Masalahnya ada sebagian kalangan yang curiga terhadap umat Islam karena mengaitkan dengan peristiwa masa lalu yang sebenarnya sudah selesai.

“Cuma kadang-kadang orang-orang yang tidak suka dengan Islam memandang gerakan Islam ini sebagai separatis, gara-gara (pernah) ada DI (DI/TII) Padahal DI itu kasus jauh itu, dan itu tidak disetujui oleh ormas-ormas Islam,” jelasnya.

NU, Muhammadiah, Persis, Bahkan A.Hasan yang merupakan kawan dekat Kartosuwiryo lanjut Tiar menganjurkan Kartosuwiryo untuk gabung saja dengan Indonesia.

Adapun gerakan Islam yang ada sekarang justru merupakan modal dan asset untuk memperkuat Indonesia.

“Tapi sesungghnya gerakan Islam yang muncul sekarang ini yang ada di mana-mana potensi besar untuk memmperkuat nasionalisme , sangat efektif dan ini bisa kita gunakan untuk terus memperkuat Indonesia,” terangnya.

Doktor Tiar mengungkapkan alasan mendasar bahwa nasionalisme Indonesia lebih dahulu dicetuskan oleh gerakan-gerakan Islam. Bahkan mendahului gerakan nasionalis berbasis etnis dan kesukuan.
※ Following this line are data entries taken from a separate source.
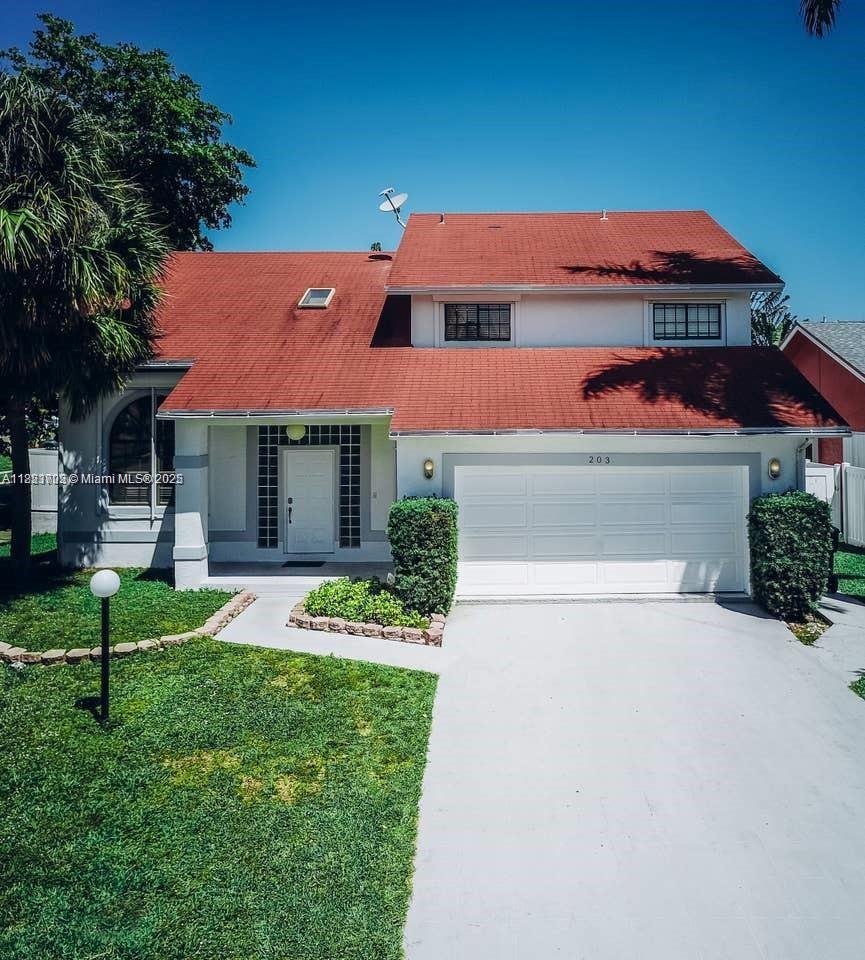 203 SE 8th St, Dania Beach FL 33004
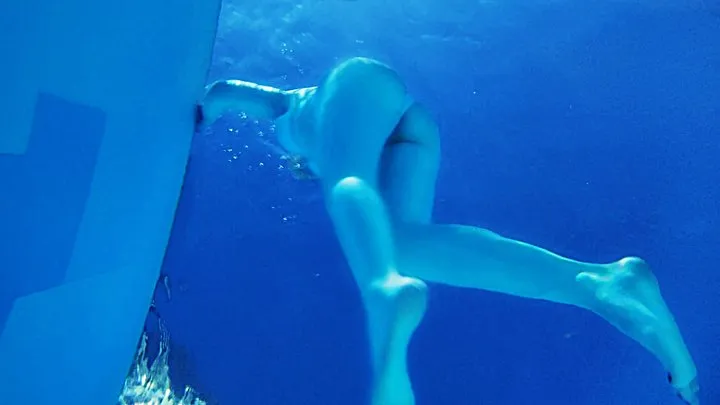 Long legs in SWIMMING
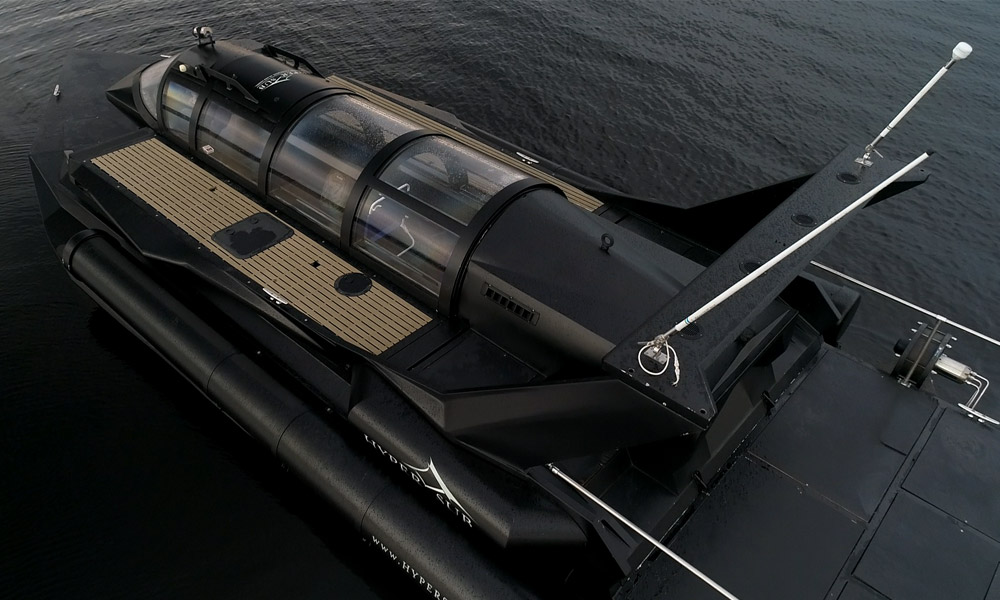 Hyper-Sub-MSV-Is-a-Speedboat-and-Submarine-In-One-2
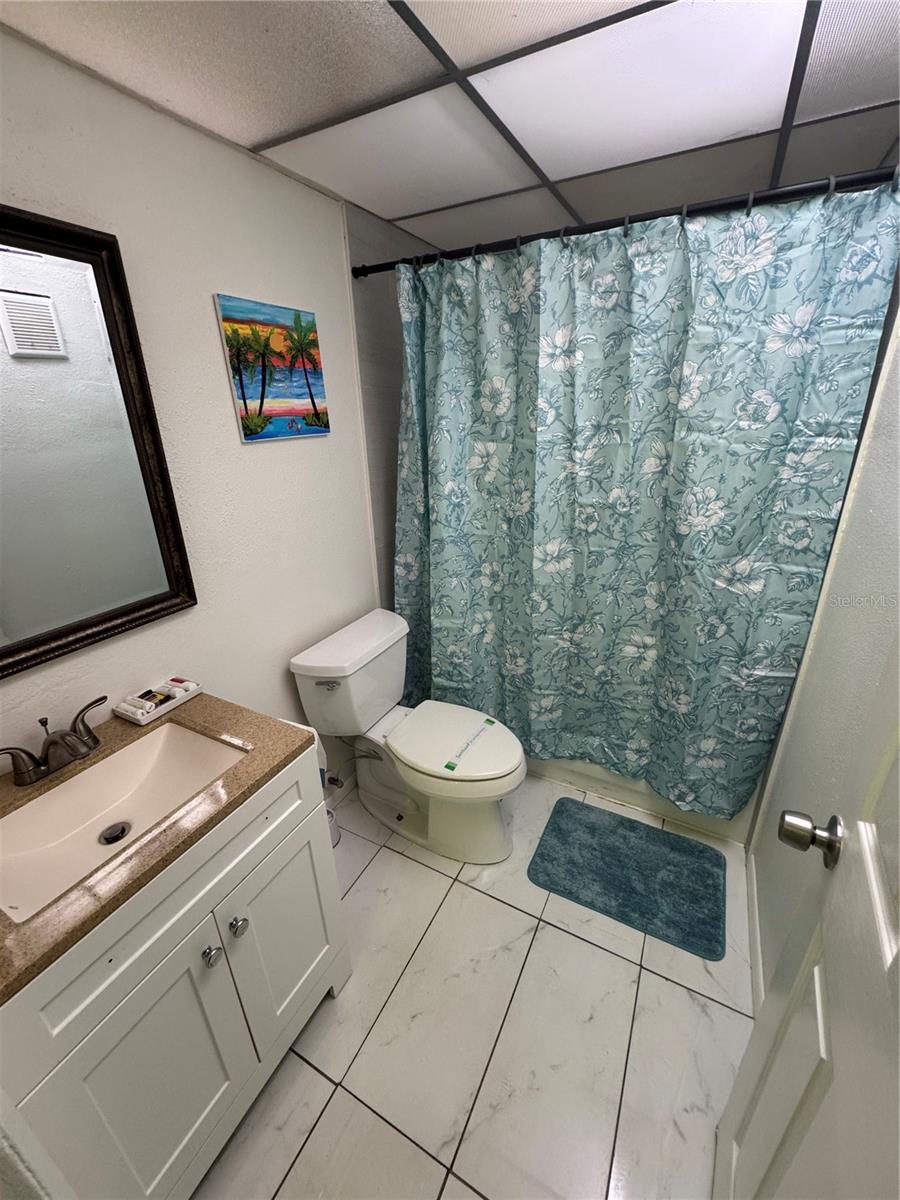 Image 10 of 15 For 3300 Fox Chase Circle N 229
“Sebelumnya (nasionalisme) diinisiasi oleh gerakan-gerakan Islam, tidak ada lagi istilah-istilah kedaerahan. Nasionalisem lintas kedaerahan yang tidak pakai nama Islam itu nanti muncul setelah tahun 1930an “, ungkapnya.

“Yang menginisiasi persatuan lintas etis itu gerakan Islam,” tambahnya.

Ia mencontohkan kemunculan gerakan-gerakan Islam lintas etnis dan daerah yang muncul sebelum tahun 1930an, seperti Sarekat Islam (SI) yang lahir tahun 1911, Muhammadiyah (1912), Persis 1923, Al-Irsyad (1914), NU (1926).

Oleh karena Pembina komunitas Jejak Islam untuk Bangsa (JIB) ini menilai bahwa menceritakan peran gerakan dan tokoh-tokoh Islam akan memperkuat nasionalisme Indonesia.
“Makanya ketika anak-anak Indonesia diajari bahwa Indonesia ini dilahirkan oleh tokoh Islam, itu adalah sesuatu yang membuat Indonesia semakin kokoh, tidak akan membuat Indonesia bubar, kalau kita masih peduli denga Indoensia,” tambahnya.

“Kalau kita melupakan bahkan memusuhui Islam sebagai factor di dalam membangun nasionalisme itu sama dengan bunuh diri, karena Indonesai dilepaskan dari salah satu kekuatan nasionalismenya, ini yang harus difahami secara mendasar,” tandasnya.